Write out, word for word, only the data from its first line to the line containing "Carte Joyeuse Journée".

**** Given records

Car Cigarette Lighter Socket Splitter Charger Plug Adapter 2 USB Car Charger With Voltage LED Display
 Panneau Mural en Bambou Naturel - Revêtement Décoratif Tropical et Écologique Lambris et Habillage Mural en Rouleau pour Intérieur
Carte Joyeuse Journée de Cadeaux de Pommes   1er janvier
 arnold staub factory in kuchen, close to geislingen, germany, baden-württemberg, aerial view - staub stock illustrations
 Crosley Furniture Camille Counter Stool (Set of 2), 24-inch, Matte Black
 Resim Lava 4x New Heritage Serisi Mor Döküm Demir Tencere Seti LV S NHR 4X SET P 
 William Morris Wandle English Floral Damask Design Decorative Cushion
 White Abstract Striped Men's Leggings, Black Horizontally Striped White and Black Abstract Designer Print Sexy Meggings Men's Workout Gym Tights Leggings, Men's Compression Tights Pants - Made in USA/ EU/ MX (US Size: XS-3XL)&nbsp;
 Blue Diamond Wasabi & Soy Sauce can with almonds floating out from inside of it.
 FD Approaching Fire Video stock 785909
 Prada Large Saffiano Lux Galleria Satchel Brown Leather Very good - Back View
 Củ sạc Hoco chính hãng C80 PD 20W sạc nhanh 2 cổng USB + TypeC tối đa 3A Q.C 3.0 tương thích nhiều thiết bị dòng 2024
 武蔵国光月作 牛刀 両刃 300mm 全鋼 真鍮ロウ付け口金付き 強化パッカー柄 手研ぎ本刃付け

********

● Task result:
Car Cigarette Lighter Socket Splitter Charger Plug Adapter 2 USB Car Charger With Voltage LED Display
 Panneau Mural en Bambou Naturel - Revêtement Décoratif Tropical et Écologique Lambris et Habillage Mural en Rouleau pour Intérieur
Carte Joyeuse Journée de Cadeaux de Pommes   1er janvier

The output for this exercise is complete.